* YOUR ASSIGNMENT: Scan the entries for the word "Large" and return every line that has it.

RECORDS: Begin

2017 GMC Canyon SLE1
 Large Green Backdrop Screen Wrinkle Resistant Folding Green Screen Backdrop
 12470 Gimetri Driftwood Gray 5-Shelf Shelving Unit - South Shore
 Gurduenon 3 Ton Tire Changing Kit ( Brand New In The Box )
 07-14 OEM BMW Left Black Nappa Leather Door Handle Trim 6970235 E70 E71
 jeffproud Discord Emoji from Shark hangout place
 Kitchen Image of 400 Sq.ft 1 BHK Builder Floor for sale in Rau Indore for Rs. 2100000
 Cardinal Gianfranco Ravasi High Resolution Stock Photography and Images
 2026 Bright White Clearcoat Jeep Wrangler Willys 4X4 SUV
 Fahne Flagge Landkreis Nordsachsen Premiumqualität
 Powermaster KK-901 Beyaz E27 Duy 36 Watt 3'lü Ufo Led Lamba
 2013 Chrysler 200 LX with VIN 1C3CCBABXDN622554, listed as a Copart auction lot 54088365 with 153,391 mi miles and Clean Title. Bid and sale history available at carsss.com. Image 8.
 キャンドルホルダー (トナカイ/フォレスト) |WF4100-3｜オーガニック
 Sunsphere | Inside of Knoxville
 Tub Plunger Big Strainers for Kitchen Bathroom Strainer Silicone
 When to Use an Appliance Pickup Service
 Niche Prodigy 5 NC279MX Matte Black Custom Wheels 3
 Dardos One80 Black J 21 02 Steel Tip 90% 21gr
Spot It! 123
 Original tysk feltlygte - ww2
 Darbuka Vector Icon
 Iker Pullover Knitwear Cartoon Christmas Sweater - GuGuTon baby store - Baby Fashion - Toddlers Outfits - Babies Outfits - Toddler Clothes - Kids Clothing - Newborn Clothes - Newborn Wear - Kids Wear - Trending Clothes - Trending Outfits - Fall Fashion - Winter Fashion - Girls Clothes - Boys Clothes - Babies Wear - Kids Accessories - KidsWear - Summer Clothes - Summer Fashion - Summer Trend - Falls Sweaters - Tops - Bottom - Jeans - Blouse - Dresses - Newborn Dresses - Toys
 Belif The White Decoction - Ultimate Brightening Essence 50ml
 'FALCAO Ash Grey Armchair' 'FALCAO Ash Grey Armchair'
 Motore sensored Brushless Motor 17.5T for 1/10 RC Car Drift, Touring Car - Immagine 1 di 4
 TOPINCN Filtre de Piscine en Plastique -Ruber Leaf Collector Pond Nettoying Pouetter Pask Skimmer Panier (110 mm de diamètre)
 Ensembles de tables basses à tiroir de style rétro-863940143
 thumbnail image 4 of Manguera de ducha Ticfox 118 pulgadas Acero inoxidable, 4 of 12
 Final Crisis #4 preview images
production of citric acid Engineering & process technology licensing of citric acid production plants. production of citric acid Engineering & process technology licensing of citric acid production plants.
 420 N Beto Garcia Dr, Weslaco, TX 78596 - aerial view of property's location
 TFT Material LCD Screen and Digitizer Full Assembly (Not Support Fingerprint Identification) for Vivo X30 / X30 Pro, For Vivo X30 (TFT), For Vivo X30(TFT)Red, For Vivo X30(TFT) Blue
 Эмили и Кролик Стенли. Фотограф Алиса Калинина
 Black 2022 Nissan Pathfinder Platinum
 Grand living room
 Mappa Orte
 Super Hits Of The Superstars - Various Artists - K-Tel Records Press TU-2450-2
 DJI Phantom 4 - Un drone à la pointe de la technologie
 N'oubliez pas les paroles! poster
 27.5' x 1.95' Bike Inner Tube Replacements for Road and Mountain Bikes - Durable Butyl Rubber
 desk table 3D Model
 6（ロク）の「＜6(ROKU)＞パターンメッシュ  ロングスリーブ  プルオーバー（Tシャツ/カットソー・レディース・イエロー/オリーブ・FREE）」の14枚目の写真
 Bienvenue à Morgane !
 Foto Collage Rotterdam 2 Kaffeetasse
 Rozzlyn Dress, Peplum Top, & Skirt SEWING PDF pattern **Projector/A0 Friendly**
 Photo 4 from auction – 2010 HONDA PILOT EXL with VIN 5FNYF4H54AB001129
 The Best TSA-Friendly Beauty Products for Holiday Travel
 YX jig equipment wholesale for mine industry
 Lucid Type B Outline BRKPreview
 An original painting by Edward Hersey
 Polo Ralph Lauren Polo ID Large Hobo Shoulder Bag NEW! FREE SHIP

RECORDS: End

* EXPECTED OUTPUT:
 Large Green Backdrop Screen Wrinkle Resistant Folding Green Screen Backdrop
 Polo Ralph Lauren Polo ID Large Hobo Shoulder Bag NEW! FREE SHIP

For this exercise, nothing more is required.